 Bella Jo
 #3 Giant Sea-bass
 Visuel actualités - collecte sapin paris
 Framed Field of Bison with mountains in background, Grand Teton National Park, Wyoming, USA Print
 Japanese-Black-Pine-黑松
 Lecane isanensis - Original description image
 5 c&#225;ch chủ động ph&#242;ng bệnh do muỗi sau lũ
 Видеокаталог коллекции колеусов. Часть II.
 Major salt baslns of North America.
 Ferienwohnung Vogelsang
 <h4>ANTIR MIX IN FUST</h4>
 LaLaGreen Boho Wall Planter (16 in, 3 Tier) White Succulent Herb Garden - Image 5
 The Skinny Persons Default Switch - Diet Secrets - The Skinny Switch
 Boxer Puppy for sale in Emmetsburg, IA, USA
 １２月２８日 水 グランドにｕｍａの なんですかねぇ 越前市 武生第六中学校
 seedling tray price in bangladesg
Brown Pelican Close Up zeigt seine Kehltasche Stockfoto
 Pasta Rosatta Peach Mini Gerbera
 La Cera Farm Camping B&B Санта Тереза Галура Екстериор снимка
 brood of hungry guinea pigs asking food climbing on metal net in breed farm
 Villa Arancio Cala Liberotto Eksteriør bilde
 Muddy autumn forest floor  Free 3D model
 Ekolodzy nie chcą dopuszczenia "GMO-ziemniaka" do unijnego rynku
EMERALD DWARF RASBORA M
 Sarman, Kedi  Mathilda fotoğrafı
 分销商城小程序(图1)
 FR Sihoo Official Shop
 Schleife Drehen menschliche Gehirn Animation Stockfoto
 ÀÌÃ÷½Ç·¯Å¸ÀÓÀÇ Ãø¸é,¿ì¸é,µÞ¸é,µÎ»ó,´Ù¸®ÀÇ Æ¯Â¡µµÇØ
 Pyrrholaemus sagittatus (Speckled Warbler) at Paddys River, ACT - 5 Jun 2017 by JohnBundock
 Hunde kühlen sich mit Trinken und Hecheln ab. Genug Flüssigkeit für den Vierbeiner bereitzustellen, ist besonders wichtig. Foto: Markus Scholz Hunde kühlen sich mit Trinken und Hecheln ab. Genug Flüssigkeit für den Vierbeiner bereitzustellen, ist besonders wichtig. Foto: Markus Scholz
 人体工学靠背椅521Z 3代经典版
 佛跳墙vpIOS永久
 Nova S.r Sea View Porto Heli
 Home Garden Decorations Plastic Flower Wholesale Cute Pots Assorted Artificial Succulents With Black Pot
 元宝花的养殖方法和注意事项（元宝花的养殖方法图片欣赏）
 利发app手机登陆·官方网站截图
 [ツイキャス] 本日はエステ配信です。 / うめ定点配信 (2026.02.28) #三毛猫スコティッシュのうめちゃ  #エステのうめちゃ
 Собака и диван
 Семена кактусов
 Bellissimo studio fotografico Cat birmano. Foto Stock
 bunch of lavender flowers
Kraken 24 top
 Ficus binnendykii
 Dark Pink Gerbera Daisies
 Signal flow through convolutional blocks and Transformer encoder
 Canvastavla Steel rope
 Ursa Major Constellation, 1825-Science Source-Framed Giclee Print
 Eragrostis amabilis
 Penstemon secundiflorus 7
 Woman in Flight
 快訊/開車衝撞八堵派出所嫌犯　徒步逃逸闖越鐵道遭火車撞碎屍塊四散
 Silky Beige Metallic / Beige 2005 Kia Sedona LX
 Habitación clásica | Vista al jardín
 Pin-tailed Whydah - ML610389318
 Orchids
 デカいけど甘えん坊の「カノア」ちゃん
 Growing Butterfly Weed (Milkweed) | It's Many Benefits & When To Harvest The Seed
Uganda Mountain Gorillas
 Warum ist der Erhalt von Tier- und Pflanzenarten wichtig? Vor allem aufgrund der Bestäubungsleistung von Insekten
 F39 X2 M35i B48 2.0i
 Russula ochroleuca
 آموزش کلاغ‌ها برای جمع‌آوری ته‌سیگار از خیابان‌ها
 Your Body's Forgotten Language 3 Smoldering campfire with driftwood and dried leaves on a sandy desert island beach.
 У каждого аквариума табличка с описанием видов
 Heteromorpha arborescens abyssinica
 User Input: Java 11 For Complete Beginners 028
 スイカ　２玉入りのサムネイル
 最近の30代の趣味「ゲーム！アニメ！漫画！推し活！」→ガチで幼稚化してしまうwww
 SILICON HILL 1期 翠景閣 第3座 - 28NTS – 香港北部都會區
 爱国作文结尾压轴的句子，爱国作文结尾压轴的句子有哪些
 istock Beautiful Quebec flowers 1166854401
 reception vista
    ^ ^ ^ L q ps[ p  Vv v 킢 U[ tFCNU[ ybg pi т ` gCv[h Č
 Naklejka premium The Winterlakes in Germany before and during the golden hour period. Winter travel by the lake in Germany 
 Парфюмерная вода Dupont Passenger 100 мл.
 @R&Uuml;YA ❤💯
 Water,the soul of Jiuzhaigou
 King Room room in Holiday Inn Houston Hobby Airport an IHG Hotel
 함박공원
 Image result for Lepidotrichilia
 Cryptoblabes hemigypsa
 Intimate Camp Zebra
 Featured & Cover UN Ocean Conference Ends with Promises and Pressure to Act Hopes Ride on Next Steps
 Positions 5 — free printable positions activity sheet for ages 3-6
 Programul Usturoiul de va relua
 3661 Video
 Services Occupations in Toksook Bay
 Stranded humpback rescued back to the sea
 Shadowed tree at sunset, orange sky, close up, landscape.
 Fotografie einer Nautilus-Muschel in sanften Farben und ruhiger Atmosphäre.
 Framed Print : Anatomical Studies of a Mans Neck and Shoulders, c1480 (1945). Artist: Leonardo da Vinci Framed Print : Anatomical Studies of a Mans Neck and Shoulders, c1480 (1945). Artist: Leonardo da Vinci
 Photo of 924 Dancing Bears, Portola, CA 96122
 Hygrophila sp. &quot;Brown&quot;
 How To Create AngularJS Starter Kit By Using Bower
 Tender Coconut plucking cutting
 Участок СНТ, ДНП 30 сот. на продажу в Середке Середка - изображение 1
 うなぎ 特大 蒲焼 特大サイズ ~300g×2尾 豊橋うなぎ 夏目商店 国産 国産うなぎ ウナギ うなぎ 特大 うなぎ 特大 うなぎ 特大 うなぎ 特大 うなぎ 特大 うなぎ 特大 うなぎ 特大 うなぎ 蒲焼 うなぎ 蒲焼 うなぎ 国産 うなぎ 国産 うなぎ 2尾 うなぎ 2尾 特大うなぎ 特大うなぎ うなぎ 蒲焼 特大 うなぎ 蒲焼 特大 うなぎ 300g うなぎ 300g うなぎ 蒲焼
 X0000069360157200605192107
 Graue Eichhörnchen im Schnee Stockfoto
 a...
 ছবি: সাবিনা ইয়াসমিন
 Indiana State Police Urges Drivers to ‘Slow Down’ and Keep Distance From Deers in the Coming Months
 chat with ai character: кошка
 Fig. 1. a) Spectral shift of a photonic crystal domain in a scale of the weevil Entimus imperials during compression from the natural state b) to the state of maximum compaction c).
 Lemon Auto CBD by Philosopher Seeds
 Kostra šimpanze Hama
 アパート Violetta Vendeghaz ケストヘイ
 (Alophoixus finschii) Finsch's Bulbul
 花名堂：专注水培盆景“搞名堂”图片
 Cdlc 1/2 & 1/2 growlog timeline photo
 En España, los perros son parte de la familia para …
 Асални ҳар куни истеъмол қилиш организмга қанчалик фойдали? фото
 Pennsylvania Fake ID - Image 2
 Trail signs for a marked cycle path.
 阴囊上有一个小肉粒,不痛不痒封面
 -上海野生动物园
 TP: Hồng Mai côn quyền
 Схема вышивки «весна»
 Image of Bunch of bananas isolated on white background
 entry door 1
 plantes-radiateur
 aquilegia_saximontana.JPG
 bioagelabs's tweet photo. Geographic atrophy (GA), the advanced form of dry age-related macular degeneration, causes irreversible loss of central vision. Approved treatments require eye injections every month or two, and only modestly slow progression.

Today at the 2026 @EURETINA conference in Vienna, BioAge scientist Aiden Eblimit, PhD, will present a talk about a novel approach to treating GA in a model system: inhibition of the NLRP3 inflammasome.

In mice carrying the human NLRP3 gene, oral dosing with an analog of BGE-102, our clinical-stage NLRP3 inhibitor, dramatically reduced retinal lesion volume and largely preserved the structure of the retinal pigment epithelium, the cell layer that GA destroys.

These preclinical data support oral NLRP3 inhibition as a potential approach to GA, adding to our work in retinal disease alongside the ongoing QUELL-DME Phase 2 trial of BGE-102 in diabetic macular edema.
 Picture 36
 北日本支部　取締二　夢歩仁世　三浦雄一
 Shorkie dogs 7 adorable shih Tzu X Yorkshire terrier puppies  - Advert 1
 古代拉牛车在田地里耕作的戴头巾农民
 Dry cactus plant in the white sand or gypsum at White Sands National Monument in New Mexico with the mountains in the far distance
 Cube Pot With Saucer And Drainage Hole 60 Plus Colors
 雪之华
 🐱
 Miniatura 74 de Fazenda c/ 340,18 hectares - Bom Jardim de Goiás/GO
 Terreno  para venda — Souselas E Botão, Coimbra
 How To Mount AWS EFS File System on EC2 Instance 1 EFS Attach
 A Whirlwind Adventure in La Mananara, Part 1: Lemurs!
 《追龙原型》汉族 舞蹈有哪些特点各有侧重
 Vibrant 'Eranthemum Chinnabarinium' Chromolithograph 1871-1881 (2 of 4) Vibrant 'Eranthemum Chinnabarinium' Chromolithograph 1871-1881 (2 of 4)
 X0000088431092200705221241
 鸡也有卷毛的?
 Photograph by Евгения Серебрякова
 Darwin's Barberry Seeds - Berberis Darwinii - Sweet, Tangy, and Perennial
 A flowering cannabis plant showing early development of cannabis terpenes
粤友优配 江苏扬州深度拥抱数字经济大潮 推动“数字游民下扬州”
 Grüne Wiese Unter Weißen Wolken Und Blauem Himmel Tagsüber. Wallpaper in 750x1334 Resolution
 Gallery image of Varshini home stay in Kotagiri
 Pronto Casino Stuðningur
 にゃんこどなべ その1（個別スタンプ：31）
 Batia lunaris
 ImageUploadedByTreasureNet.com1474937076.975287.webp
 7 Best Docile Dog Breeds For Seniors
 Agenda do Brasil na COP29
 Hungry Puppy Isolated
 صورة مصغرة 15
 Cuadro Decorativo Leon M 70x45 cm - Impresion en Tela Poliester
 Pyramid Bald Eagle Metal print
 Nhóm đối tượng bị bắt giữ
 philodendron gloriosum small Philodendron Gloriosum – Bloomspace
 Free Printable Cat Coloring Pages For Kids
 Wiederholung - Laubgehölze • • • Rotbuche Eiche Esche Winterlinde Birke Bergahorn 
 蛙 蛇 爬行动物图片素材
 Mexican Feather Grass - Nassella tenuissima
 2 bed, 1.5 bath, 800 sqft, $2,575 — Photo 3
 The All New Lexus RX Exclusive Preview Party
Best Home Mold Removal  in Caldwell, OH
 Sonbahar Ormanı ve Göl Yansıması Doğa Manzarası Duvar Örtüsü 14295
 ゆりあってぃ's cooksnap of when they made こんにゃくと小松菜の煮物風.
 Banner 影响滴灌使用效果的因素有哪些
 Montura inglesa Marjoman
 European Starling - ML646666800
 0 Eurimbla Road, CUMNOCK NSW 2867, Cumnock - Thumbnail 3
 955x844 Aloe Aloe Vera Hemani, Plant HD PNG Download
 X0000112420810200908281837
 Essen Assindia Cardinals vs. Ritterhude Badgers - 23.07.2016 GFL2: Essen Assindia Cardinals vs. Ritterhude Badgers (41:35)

------------------------------------------------------------

Task statement:
From the top of the material above, please transcribe each line exactly. Include the line with "Schleife Drehen menschliche" and end there.

Response area:
 Bella Jo
 #3 Giant Sea-bass
 Visuel actualités - collecte sapin paris
 Framed Field of Bison with mountains in background, Grand Teton National Park, Wyoming, USA Print
 Japanese-Black-Pine-黑松
 Lecane isanensis - Original description image
 5 c&#225;ch chủ động ph&#242;ng bệnh do muỗi sau lũ
 Видеокаталог коллекции колеусов. Часть II.
 Major salt baslns of North America.
 Ferienwohnung Vogelsang
 <h4>ANTIR MIX IN FUST</h4>
 LaLaGreen Boho Wall Planter (16 in, 3 Tier) White Succulent Herb Garden - Image 5
 The Skinny Persons Default Switch - Diet Secrets - The Skinny Switch
 Boxer Puppy for sale in Emmetsburg, IA, USA
 １２月２８日 水 グランドにｕｍａの なんですかねぇ 越前市 武生第六中学校
 seedling tray price in bangladesg
Brown Pelican Close Up zeigt seine Kehltasche Stockfoto
 Pasta Rosatta Peach Mini Gerbera
 La Cera Farm Camping B&B Санта Тереза Галура Екстериор снимка
 brood of hungry guinea pigs asking food climbing on metal net in breed farm
 Villa Arancio Cala Liberotto Eksteriør bilde
 Muddy autumn forest floor  Free 3D model
 Ekolodzy nie chcą dopuszczenia "GMO-ziemniaka" do unijnego rynku
EMERALD DWARF RASBORA M
 Sarman, Kedi  Mathilda fotoğrafı
 分销商城小程序(图1)
 FR Sihoo Official Shop
 Schleife Drehen menschliche Gehirn Animation Stockfoto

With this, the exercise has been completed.